Nearly done with A Feast of Sorrows by Angela Slatter. I'm enjoying it. A collection of short stories, fantasy with some darkness and the feel of fairy tales.

Randy M.
 
Just finished Who? - Algis Budrys and now I'm making up my mind whether to finally make a start on Inverted World or side-step once again and read The Three-Body Problem, currently I'm leaning toward Inverted World.
 
Just finished Who? - Algis Budrys and now I'm making up my mind whether to finally make a start on Inverted World or side-step once again and read The Three-Body Problem, currently I'm leaning toward Inverted World.

Your mention of Who? reminds me to take it with me to read on the plane today. Thanks!
 
Reading our very own Stephen Palmer's Girl With Two Souls (volume 1 of the trilogy) and thoroughly enjoying it so far (about 70% through). I think it's as well-written - and perhaps even better than- Beautiful Intelligence.

Stephen may well shoot me down in flames here but, thematically, I'm finding it almost a mirror image of Beautiful Intelligence.

Will be starting volume 2 as soon as I've finished volume 1 :)
 
Reading Sweet Temptation, by Wendy Higgins.
This is a companion novel to the Sweet Evil trilogy with the story told from Kaidan Rowe's point of view. Novels with Nephilims, demons and angels, fathers and children, love and hate, good and evil and of course with teens stuck in the gray area in between. A paranormal romance. Much darker and more mature than Anna's story.
 
Taking a break from my pile of old science fiction with The Tastemakers: Why We're Crazy For Cupcakes But Fed Up With Fondue (Plus Baconomics, Superfoods, And Other Secrets From The World Of Food Trends) (2014) by David Sax. The insanely long title should be self-explanatory.
 
The Lords of the North by Bernard Cornwell - another excellent instalment in Cornwell's Saxon series (The Last Kingdom on TV) - no time for a review but this is really just more of Cornwell's excellent story telling!
The Girl with Two Souls by Stephen Palmer - A very good YA book from our very own Stephen. More here.
Dead Air by Iain Banks - Probably my most disappointing read from Banks so far. A little more here.
 
The Fall of the House of Cabal - i really appreciatte the style
 
I have just finished Death's End, the last book in cixin Liu's Dark Forest trilogy. I mentioned I was reading this in the November thread, and that I was impressed with the book then.
Even more so on completingt the book. The density of interesting ideas, spanning game theory, social psychology, physics, cosmology, time travel, the end of the universe, is really very impressive. The book goes, from a fairly prosaic start, through a series of more and more staggering developments, all well sustained and justified. Brilliant.
 
Grave Peril (The Dresden Files, #3)

Am on the 3rd book of Jim Butcher's "Dresden Files". "Fool Moon" (book 2), was a considerable step-up from "Storm Front", but am still not not entirely engrossed in the characters at present. But I enjoyed the pulp-fiction feel, with plenty of action, thrills and spills along the way. So am hoping "Grave Peril" will develop the lead characters into fully rounded ones rather than comic-style.
 
I have just finished Death's End, the last book in cixin Liu's Dark Forest trilogy. I mentioned I was reading this in the November thread, and that I was impressed with the book then.
Even more so on completingt the book. The density of interesting ideas, spanning game theory, social psychology, physics, cosmology, time travel, the end of the universe, is really very impressive. The book goes, from a fairly prosaic start, through a series of more and more staggering developments, all well sustained and justified. Brilliant.
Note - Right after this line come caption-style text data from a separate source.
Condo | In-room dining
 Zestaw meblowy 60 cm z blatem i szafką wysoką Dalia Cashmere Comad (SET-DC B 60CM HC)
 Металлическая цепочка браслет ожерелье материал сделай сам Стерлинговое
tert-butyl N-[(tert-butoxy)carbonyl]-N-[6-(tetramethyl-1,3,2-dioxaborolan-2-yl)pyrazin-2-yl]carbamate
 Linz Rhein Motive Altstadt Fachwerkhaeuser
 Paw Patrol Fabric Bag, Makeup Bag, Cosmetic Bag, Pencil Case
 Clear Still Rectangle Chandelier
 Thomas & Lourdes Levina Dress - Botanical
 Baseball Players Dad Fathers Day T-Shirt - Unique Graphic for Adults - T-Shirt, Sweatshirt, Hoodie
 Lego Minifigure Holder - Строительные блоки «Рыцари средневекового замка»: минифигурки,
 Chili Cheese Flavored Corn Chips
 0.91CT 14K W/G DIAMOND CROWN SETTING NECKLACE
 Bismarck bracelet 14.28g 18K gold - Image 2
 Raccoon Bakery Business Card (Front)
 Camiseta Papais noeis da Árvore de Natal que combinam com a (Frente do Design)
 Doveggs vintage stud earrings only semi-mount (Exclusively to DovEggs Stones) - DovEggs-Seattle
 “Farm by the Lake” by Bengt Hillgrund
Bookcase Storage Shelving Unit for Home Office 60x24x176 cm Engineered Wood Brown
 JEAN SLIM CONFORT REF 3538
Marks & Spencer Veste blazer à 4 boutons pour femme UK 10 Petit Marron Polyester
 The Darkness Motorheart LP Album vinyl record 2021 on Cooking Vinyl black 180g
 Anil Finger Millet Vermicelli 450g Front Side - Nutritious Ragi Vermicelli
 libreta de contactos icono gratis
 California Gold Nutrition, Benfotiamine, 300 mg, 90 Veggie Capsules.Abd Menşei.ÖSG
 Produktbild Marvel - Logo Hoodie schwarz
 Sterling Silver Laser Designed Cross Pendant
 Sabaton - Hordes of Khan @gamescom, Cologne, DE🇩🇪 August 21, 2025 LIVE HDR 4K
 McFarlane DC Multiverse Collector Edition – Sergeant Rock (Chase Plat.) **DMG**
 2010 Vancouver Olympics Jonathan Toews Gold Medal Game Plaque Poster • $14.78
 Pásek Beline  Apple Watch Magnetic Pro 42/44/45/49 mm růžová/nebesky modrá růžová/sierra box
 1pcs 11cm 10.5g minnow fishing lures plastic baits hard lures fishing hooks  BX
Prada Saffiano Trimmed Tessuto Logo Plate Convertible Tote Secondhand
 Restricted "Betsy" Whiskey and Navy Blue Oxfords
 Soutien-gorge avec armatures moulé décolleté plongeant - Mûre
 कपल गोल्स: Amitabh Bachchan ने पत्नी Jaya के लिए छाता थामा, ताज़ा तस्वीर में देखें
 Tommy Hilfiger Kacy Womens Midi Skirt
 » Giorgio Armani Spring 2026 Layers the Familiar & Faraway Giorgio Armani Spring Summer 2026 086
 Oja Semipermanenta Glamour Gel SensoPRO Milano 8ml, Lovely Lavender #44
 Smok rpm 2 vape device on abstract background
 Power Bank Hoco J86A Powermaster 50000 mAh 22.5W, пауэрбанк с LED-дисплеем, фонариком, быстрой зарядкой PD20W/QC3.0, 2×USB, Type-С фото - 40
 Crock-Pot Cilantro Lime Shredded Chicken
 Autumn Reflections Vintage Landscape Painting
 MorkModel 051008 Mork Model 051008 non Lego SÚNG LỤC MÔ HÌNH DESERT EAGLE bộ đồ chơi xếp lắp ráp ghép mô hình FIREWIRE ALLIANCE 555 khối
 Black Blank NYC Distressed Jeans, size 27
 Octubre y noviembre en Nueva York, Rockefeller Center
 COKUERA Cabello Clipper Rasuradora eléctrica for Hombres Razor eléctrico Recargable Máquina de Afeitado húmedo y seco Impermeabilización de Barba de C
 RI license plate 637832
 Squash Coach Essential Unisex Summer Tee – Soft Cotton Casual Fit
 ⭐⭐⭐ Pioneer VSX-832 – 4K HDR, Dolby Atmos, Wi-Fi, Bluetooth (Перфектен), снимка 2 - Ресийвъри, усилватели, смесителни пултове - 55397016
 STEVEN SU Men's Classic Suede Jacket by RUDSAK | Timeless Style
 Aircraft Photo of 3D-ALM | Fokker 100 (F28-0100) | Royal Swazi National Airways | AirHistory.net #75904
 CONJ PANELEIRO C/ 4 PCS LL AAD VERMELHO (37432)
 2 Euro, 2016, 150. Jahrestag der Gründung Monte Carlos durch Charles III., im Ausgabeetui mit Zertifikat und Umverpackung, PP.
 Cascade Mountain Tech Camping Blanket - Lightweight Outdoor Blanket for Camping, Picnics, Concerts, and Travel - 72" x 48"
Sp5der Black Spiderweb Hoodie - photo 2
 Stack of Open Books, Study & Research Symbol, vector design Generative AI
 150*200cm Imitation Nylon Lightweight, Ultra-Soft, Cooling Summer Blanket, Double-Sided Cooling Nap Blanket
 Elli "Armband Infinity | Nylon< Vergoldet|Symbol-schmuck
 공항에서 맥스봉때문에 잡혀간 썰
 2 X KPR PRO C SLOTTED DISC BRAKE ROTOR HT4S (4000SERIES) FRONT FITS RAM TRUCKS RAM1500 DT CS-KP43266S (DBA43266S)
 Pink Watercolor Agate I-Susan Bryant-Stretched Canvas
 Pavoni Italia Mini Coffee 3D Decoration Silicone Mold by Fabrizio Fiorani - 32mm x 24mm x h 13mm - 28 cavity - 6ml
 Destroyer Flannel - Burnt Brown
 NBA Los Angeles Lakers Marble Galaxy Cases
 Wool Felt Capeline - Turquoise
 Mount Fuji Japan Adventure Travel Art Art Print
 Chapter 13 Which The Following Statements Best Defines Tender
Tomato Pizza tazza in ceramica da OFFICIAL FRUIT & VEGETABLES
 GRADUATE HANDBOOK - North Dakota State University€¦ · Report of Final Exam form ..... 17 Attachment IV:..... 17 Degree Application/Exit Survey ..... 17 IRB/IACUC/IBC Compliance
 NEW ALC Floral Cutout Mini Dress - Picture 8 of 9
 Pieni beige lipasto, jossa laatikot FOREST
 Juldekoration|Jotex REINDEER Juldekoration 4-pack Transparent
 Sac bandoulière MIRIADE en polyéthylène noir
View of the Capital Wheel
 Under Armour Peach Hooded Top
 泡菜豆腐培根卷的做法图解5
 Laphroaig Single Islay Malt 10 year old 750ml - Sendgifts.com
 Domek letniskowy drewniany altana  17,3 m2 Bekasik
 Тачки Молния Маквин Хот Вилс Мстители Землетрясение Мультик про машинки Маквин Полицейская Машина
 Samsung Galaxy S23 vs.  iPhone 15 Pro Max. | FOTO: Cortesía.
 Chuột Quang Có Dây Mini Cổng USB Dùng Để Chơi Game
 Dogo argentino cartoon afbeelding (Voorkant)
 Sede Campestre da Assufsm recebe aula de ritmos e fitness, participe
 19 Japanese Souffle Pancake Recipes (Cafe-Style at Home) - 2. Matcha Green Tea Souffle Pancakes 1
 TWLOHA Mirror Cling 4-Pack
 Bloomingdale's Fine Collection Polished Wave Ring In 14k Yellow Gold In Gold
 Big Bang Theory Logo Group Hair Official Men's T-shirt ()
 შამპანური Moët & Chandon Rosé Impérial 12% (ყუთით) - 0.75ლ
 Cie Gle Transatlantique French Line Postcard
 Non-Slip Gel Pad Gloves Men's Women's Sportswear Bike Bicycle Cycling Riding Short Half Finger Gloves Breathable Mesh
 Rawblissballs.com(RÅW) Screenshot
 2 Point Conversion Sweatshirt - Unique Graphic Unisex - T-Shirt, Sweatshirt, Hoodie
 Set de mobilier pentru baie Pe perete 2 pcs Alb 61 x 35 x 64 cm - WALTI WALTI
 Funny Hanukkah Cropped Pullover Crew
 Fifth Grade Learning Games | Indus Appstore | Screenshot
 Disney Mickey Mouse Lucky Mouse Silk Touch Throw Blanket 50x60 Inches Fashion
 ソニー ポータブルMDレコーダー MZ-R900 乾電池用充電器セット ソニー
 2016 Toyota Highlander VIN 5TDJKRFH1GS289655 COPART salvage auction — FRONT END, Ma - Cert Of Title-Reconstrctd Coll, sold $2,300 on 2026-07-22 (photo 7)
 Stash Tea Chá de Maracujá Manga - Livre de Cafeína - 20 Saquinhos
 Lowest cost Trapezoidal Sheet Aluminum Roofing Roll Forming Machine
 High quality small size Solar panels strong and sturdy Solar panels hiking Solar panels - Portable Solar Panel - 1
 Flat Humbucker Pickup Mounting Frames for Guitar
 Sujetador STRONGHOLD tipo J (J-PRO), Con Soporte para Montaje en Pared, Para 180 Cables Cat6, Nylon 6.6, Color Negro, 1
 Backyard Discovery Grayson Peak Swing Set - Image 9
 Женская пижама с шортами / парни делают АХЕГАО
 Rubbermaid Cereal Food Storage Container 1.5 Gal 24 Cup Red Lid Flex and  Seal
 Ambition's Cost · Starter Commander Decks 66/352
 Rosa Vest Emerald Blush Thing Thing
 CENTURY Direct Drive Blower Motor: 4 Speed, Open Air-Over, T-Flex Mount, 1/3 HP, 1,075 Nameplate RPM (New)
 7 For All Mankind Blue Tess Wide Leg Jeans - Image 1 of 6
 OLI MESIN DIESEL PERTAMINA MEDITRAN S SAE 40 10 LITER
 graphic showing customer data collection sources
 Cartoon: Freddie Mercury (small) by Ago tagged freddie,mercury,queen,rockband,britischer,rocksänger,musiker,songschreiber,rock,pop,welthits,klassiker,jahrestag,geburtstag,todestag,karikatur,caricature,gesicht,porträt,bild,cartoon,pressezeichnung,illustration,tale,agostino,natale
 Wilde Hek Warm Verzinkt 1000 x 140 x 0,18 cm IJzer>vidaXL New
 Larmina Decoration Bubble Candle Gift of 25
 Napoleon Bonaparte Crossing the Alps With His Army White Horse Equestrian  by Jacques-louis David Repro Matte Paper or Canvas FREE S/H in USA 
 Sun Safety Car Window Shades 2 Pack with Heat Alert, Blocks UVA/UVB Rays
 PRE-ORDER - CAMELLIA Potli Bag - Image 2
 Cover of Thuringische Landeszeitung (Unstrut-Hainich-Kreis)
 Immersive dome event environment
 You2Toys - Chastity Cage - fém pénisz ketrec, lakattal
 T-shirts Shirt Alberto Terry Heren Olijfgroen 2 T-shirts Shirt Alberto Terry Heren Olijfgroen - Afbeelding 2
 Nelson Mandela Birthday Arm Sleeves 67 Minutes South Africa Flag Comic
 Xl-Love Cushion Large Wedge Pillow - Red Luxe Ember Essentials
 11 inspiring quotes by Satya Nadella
Would you say the three books form one story or are they separate entities within one setting?
 
Just begun Rome and Italy, by Livy. Probably take me ages, not reading much nowadays.
 
Just begun Rome and Italy, by Livy. Probably take me ages, not reading much nowadays.

Livy wasn't a favourite of mine. The volumes of history I read by him essentially repeated the message of: "And then disaster occurred, because the unwashed masses wouldn't accept their place beneath the dignified nobility".
 
Would you say the three books form one story or are they separate entities within one setting?
One episodic story really. Can be read as separate novels but the underlying themes and common characters would make that a bit pointless.